19 KiB
Execute a workflow script that orchestrates multiple subagents deterministically. Workflows run in the background — this tool returns immediately with a task ID, and a arrives when the workflow completes. Use /workflows to watch live progress.
A workflow structures work across many agents — to be comprehensive (decompose and cover in parallel), to be confident (independent perspectives and adversarial checks before committing), or to take on scale one context can't hold (migrations, audits, broad sweeps). The script is where you encode that structure: what fans out, what verifies, what synthesizes.
ONLY call this tool when the user has explicitly opted into multi-agent orchestration. Workflows can spawn dozens of agents and consume a large amount of tokens; the user must request that scale, not have it inferred. Explicit opt-in means one of:
- The user included the "workflow" or "workflows" keyword (you'll see a system-reminder confirming it).
- Ultracode is on (a system-reminder confirms it) — see Ultracode below.
- The user directly asked you to run a workflow or use multi-agent orchestration in their own words ("run a workflow", "fan out agents", "orchestrate this with subagents"). The ask must be in the user's words — a task that would merely benefit from a workflow does not count.
- The user invoked a skill or slash command whose instructions tell you to call Workflow.
- The user asked you to run a specific named or saved workflow.
For any other task — even one that would clearly benefit from parallelism — do NOT call this tool.
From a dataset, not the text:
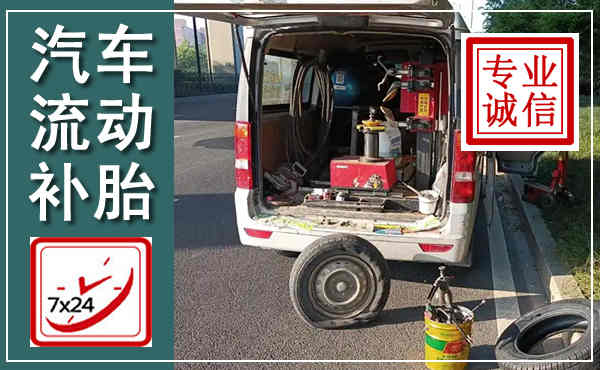 通道汽车流动补胎,附近补胎电话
Use the Agent tool for individual subagents, or briefly describe what a multi-agent workflow could do and how much it would roughly cost, and ask the user whether to run it. Mention they can include "workflow" in a future message to skip the ask.
When you do call it, the right move is often hybrid: scout inline first (list the files, find the channels, scope the diff) to discover the work-list, then call Workflow to pipeline over it. You don't need to know the shape before the task — only before the orchestration step.
Common single-phase workflows you can chain across turns:
- Understand — parallel readers over relevant subsystems → structured map
- Design — judge panel of N independent approaches → scored synthesis
- Review — dimensions → find → adversarially verify (example below)
- Research — multi-modal sweep → deep-read → synthesize
- Migrate — discover sites → transform each (worktree isolation) → verify
For larger work, run several in sequence — read each result before deciding the next phase. You stay in the loop; each workflow is one well-scoped fan-out.
Ultracode. When a system-reminder confirms ultracode is on, that opt-in is standing: author and run a workflow for every substantive task by default. The goal is the most exhaustive, correct answer you can produce — token cost is not a constraint. For multi-phase work (understand → design → implement → review), that often means several workflows in sequence — one per phase — so you stay in the loop between them. The quality patterns below (adversarial verify, multi-modal sweep, completeness critic, loop-until-dry) are the tools; pick what fits the task. Lean toward orchestrating with workflows and adversarially verifying your findings — unless the work is trivial or already verified. Solo only on conversational turns or trivial mechanical edits. When a reminder says ultracode is off, revert to the opt-in rule above.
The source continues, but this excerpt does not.